How do you integrate #int sqrt(x^2+4x+5)# using trig substitutions?

How do you integrate #int sqrt(x^2+4x+5)dx# using trig substitutions?

1 Answer
Sep 5, 2016

#1/2[(x+2)sqrt(x^2+4x+5)+ln|x+2+sqrt(x^2+4x+5)|]+C#.

Explanation:

Let #I=intsqrt(x^2+4x+5)dx#.

#sqrt(x^2+4x+5)=sqrt{(x+2)^2+1}#,so, we take the Trigo.

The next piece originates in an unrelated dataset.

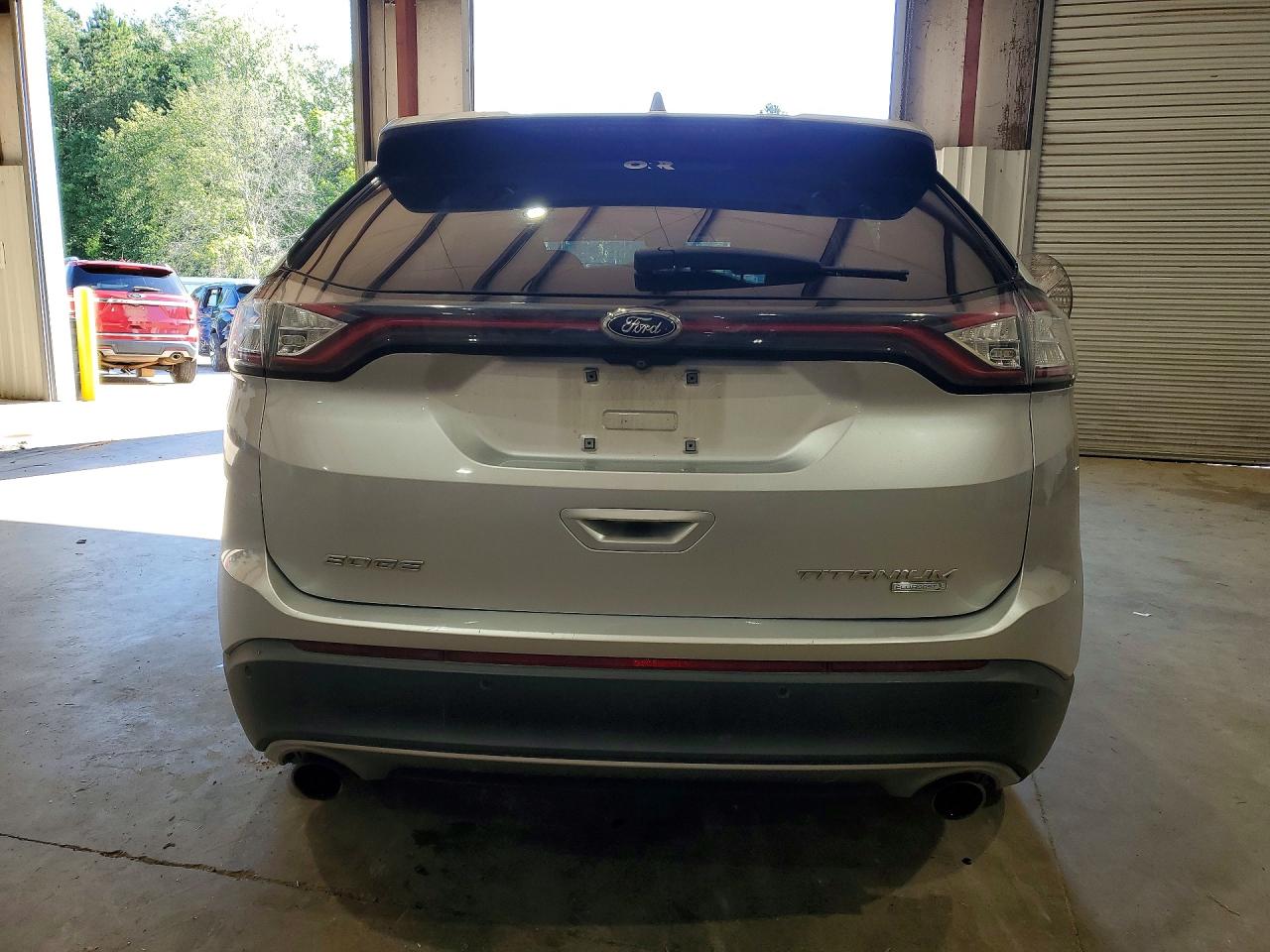 2017 Ford Edge Titanium Серебряный vin: 2FMPK3K92HBB75572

Substn.

#x+2=tany", so that, (1) : "dx=sec^2 ydy#, &

#(2) : sqrt(x^2+4x+5)=sqrt{tan^2 y+1}=sec y#.

#:. I=intsec ysec^2 ydy=intsec^3 ydy=intu*vdy...... [u=sec y, v=sec^2 y]#

#=uintvdy-int((du)/dx*intvdy)dy..........................[IBP]#

#=sec yintsec^2 ydy-int{sec ytan yintsec^2 y dy}dy#

#=sec ytan y-int{sec ytan ytan y}dy#

#=sec ytan y-intsec ytan^2 ydy#

#=sec ytan y-intsec y(sec^2 y-1)dy#

#=secytany-intsec^3ydy+intsecydy#, i.e.,

#I=secytany-I+ln|secy+tany|#

#:. I+I=2I=secytany+ln|secy+tany|#

#:. I=1/2[secytany+ln|secy+tany|]#

#=1/2[(x+2)sqrt(x^2+4x+5)+ln|x+2+sqrt(x^2+4x+5)|]+C#.

Enjoy Maths.!